The main problem with this approach is that like -Werror, it turns aspects of a compiler which are not covered by any strong stability guarantee into sources of compiler error. Therefore, it is only suitable for debugging, and should not be used in production builds, which somewhat undermines its usefulness.

2 Likes

Unchecked array accesses are most certainly unsafe, there is no disputing that. They can cause serious bugs which are hard to track down, such as data races, and should thus be kept in small and focused code regions (e.g. inner loop, high-level abstraction implementations).

What I am saying is just that names like “get_unchecked” and “ptr::offset” are often much too long for use in numerical computations, where having tens of array accesses per line in the heart of a kernel is not uncommon. A shorter unsafe indexing syntax, such as the one that you are proposing would be needed to make this kind of use cases practical. Even a simple “at()” unsafe method, which can be added today by a trait, would help already :slight_smile:

Better yet:

let el = unsafe { a[!:i] }

OK, so, something like this would be a solution?

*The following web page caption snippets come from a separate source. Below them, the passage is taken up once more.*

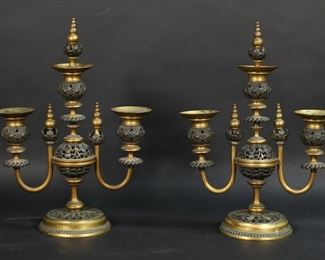        330	Pair of Bronze & Gilt Bronze Candelabra	Pair of bronze and gilt bronze candelabra. Openwork decoration, 3 lights, with snuffer finials. Each 9 1/4"W x 10"H (12 1/2"H with finials). Losses and scratches to gilt patina, wax residue.
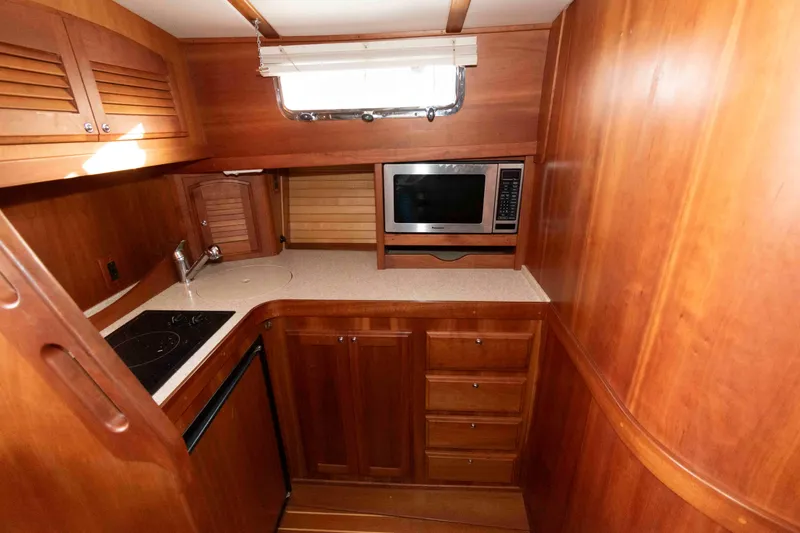 Slide: The Image of 2005 Sabre 38 Hardtop Express helm with steering wheel, navigation controls, and compact kitchenette. - 22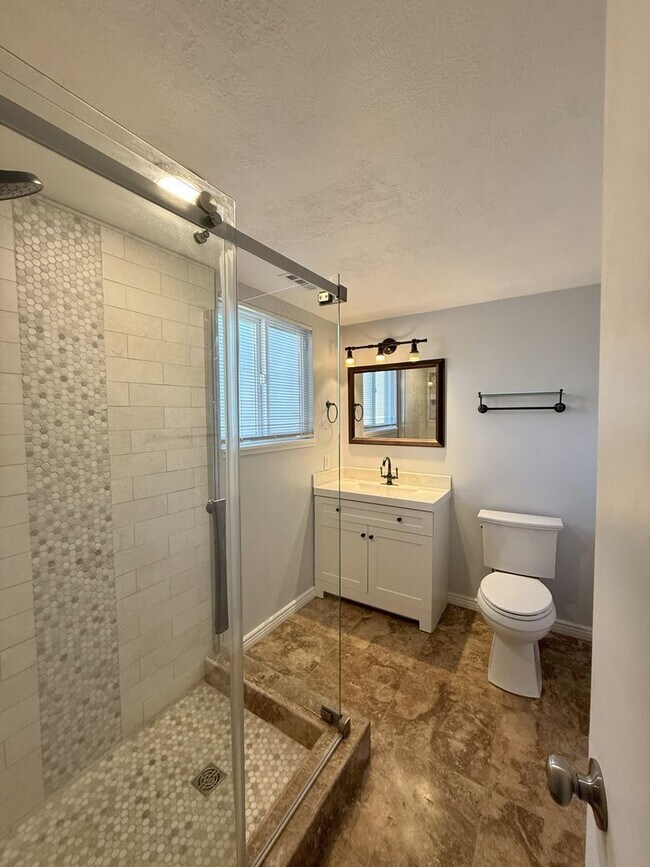 Building Photo - Spacious Comfort Meets Practical Living in...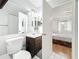 Bathroom with mirror, cabinet, and doorway view to bedroom at 147 114Th Ne Ave # 147, St Petersburg, FL 33716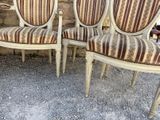 two chairs sitting next to each other on a gravel ground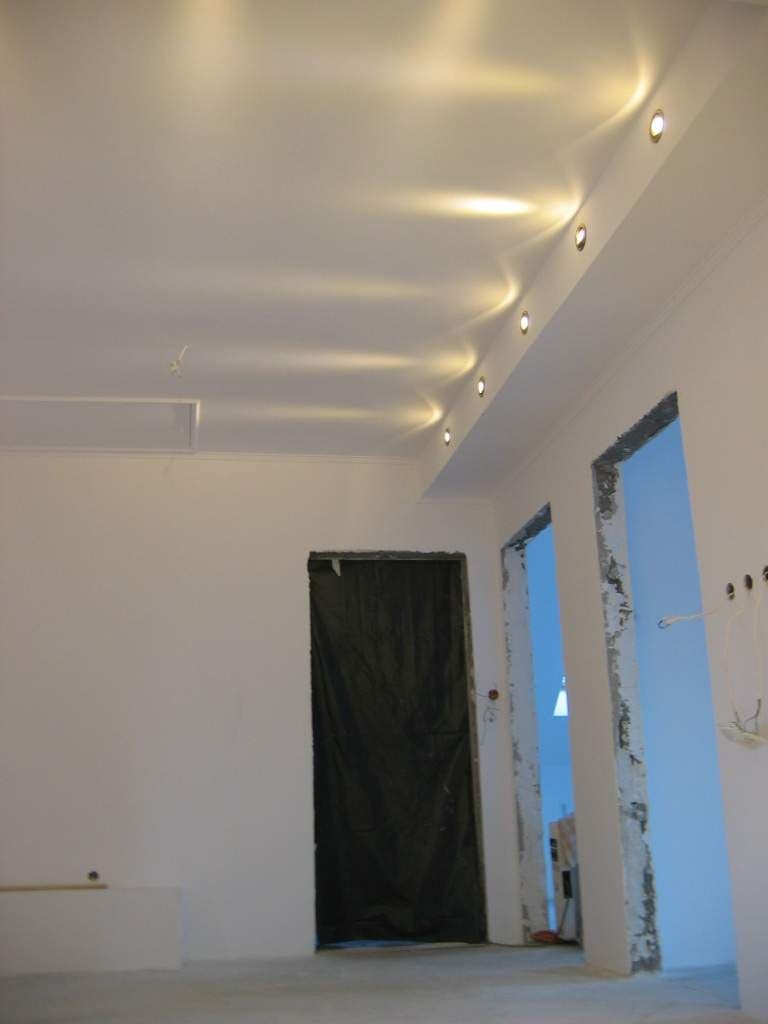 Białe wnętrze w trakcie prac wykończeniowych, widoczne przygotowane otwory drzwiowe, sufit z zamontowanym oświetleniem punktowym i fragment ściany z instalacją elektryczną.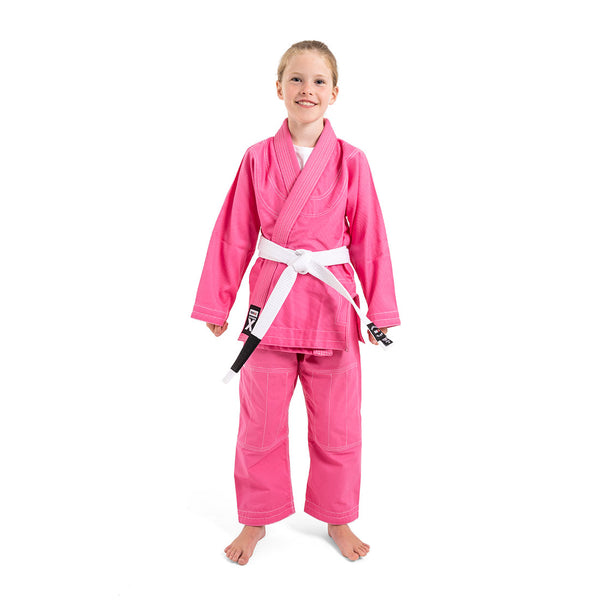 A smiling child in a SMAI Supreme X Brazilian Jiu Jitsu Uniform - Pink and a white belt stands barefoot against a plain white background.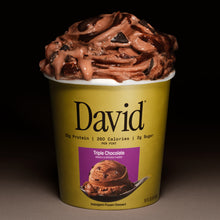 Gold container of David Triple Chocolate frozen dessert on a dark background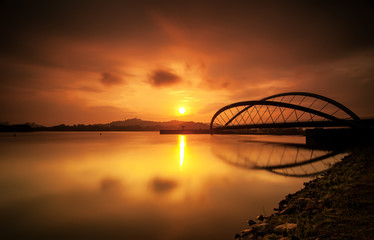 Curvy bridge in silhouette at sunrise in Putrajaya, Malaysia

let result = unsafe { a[!:i] * a[!:i+3] / a[!:i*2+5] } 

EDIT: Of course, in the above, for it not to be a disaster at run-time, our "algorithm" would've needed to compute i such that i, i+3, and i*2+5 are guaranteed in-bounds for our array.

As I said, that would be one workable approach, assuming that the syntax is available (possible issue: can you define a unary not operator on a type which is usable as an array index?) :slight_smile:

Another approach which has been suggested in the past would be to annotate blocks of code as using unchecked indexing. Not sure if that is better/worse.

Well, that's why I suggested, "[!:]" and not just "[!]" to avoid the problem of unary ! (I hope). Alternatively, what about?

let el = unsafe { a[#i] }

Where now the unsafe index operator is, "[#]"

But that's just as easy to add yourself, no?